Re: [PATCH v11 perf, bpf-next 7/9] perf tools: synthesize PERF_RECORD_* for loaded BPF programs

From: Song Liu
Date: Tue Jan 22 2019 - 13:45:15 EST




> On Jan 22, 2019, at 7:21 AM, Jiri Olsa <jolsa@xxxxxxxxxx> wrote:
>
> On Tue, Jan 22, 2019 at 12:58:05PM -0200, Arnaldo Carvalho de Melo wrote:
>> Em Tue, Jan 22, 2019 at 03:51:19PM +0100, Jiri Olsa escreveu:
>>> On Tue, Jan 22, 2019 at 12:31:17PM -0200, Arnaldo Carvalho de Melo wrote:
>>>> Em Tue, Jan 22, 2019 at 12:13:20PM -0200, Arnaldo Carvalho de Melo escreveu:
>>>>> Em Fri, Jan 18, 2019 at 11:46:55AM -0300, Arnaldo Carvalho de Melo escreveu:
>>>>>> Em Thu, Jan 17, 2019 at 08:15:19AM -0800, Song Liu escreveu:
>>>>>>> This patch synthesize PERF_RECORD_KSYMBOL and PERF_RECORD_BPF_EVENT for
>>>>>>> BPF programs loaded before perf-record.

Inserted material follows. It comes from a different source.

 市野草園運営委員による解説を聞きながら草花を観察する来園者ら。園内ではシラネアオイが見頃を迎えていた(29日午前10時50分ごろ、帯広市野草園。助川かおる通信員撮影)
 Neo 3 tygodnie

This is achieved by gathering
>>>>>>> information about all BPF programs via sys_bpf.
>>>>>>
>>>>>> Ditto
>>>>>
>>>>> This is breaking 'perf sched', see below, the fix seems trivial:
>>>>>
>>>>> [root@quaco ~]# perf sched record -a sleep 2
>>>>> [ perf record: Woken up 1 times to write data ]
>>>>> 0x5b60 [0x138]: failed to process type: 17
>>>>> [ perf record: Captured and wrote 1.539 MB perf.data ]

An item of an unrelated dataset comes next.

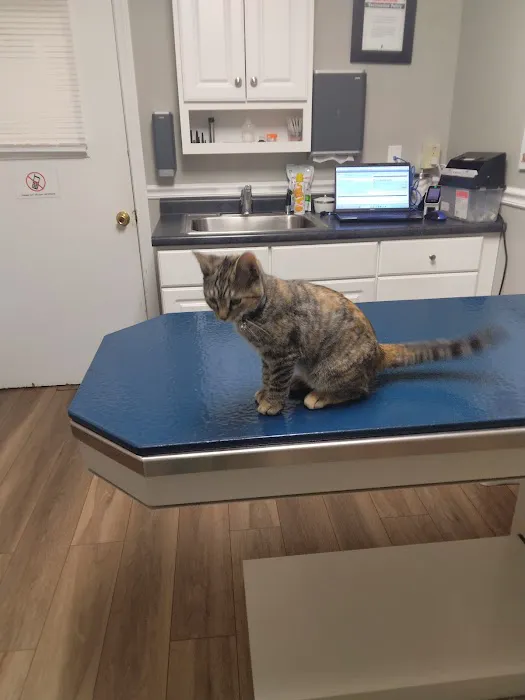 Kennebec Valley Animal Clinic 2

>>>>> [root@quaco ~]# perf sched lat
>>>>> 0x5b60 [0x138]: failed to process type: 17
>>>>> Failed to process events, error -22
>>>>> [root@quaco ~]#
>>>>
>>>> So:
>>>>
>>>> perf_session__process_event (event->header.type = 17 (PERF_RECORD_KSYMBOL)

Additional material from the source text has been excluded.